From mboxrd@z Thu Jan  1 00:00:00 1970
From: Eric Sandeen <sandeen@redhat.com>
Subject: Re: Intel SSD data loss: Any possible way this is user / software
 error?
Date: Fri, 13 Aug 2010 07:57:14 -0400
Message-ID: <4C65331A.9050203@redhat.com>
References: <4C64615B.70308@mit.edu>
Mime-Version: 1.0
Content-Type: text/plain; charset=ISO-8859-1
Content-Transfer-Encoding: 7bit
Cc: linux-ext4@vger.kernel.org
To: Evan Jones <evanj@MIT.EDU>
Return-path: <linux-ext4-owner@vger.kernel.org>
Received: from mx1.redhat.com ([209.132.183.28]:8911 "EHLO mx1.redhat.com"
	rhost-flags-OK-OK-OK-OK) by vger.kernel.org with ESMTP
	id S1761525Ab0HML5T (ORCPT <rfc822;linux-ext4@vger.kernel.org>);
	Fri, 13 Aug 2010 07:57:19 -0400
In-Reply-To: <4C64615B.70308@mit.edu>
Sender: linux-ext4-owner@vger.kernel.org
List-ID: <linux-ext4.vger.kernel.org>

Evan Jones wrote:
> I'm testing a few systems that attempt to log data to disk reliably. I
> bought a brand new Intel SSD (X25-M G2) for this purpose. It appears to
> me that this disk does *not* store data reliably when there are power
> failures, even with write barriers, even with the cache disabled. I'm
> surprised that this disk might be this broken (possible), but it may
> also mean I've made a mistake. Is there any possible way that I have a
> bug in the test described below?
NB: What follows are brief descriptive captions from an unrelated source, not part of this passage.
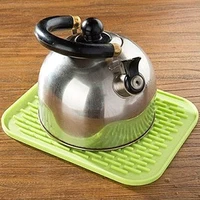 Hot ! Kitchen Silicone Heat Resistant Table Mat Non-slip Pot Pan Holder Pad Cushion Protect Table Tool  Heat Resistant Table 2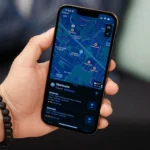 Giao diện ứng dụng Apple Maps trên iPhone hiển thị bản đồ và các gợi ý địa điểm du lịch.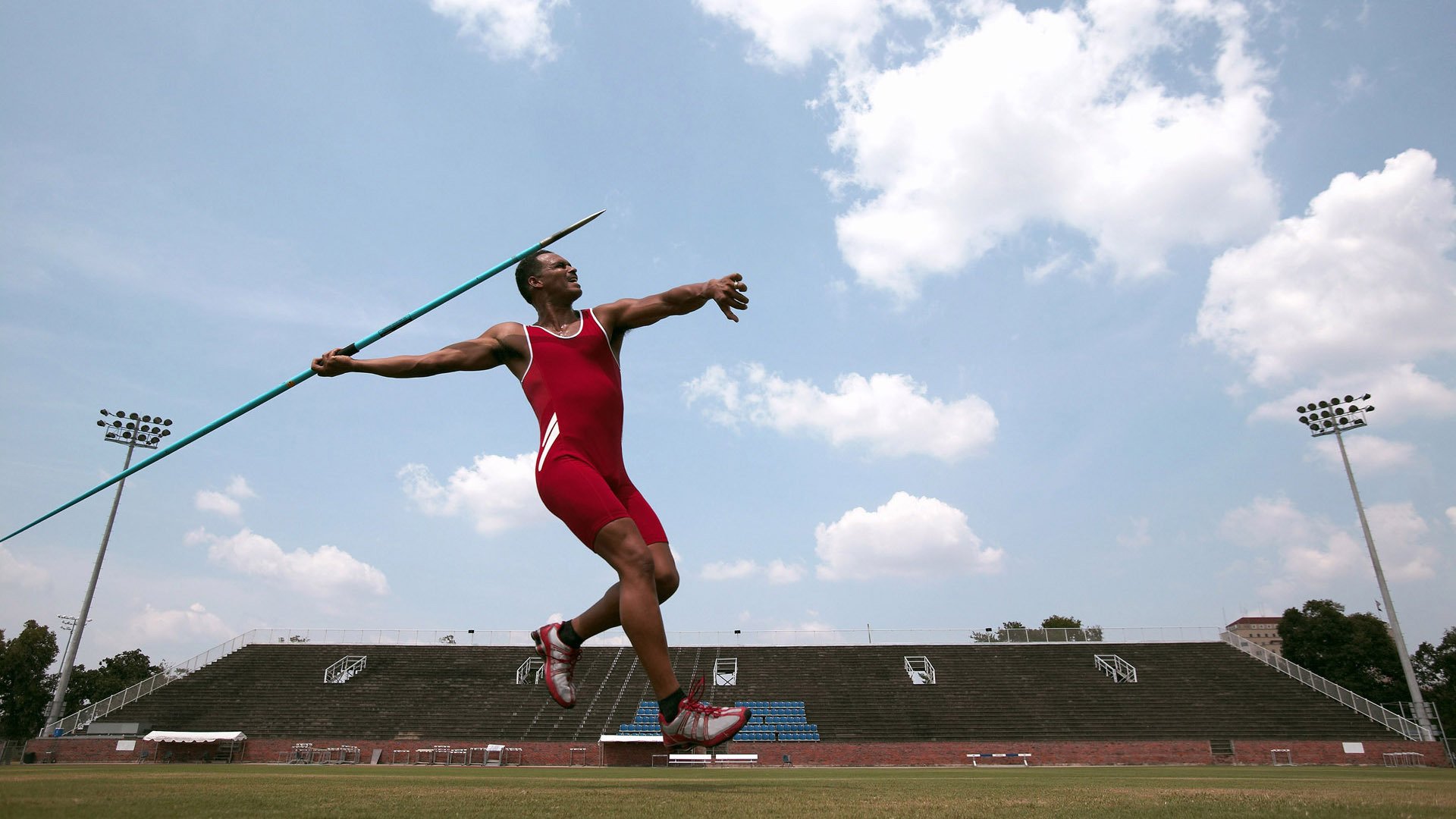 裁判考核系统实行分级动态评估机制，裁判评判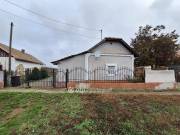 Eladó 61 m2-es családi ház Tiszaigar, csendes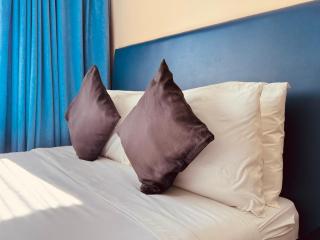 Studio Unit - Black Cat Studio - Santorini Hotel - Sta Lucia Mall Cainta Rizal - 1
The test works as expected with a
> couple SATA magnetic disks.
> 
> 
> Configuration:
> 
> * Linux 2.6.32 (a distributed with Ubuntu 10.04)
> * SATA SSD directly attached to the system's built-in controller (Intel
> N10/ICH7)
> * ext4 with default options (meaning barrier=1)
> * Disable the write cache (hdparm -W 0 /dev/sdb)

Just out of curiosity, what do you see when the write cache is on?
Seems counter-intuitive that it'd work better, but talking w/
Ric Wheeler, he was curious... maybe Intel didn't test with the
write cache off?

Also, would you be willing to publish the test you're using?

Thanks,
-Eric

> 
> The test:
> 
> 1. Write a 64 MB file of zeros (first use fallocate, then zero fill)
> 2. fsync()
> 3. write() blocks of this file with a sequence number.
> 4. fdatasync()
> 5. Send UDP packet reporting the sequence number written.
> 6. Go to 3.
> 
> While this test is running, I pull the power out of the drive to
> simulate a hard failure. On the magnetic disks I have, this works as
> expected: On reboot, the log file contains the complete record that was
> reported as last written (it may also contain part of the next record).
> 
> On the X25-M, when I use large writes (128 kB), it loses data fairly
> frequently (every couple attempts): I either see the last log record as
> being before the reported one, or occasionally I get a media error when
> reading back the file.
> 
> I'm surprised that this disk could be this broken, but I suppose it is
> possible. Any help is welcomed. Thanks,
> 
> Evan Jones
>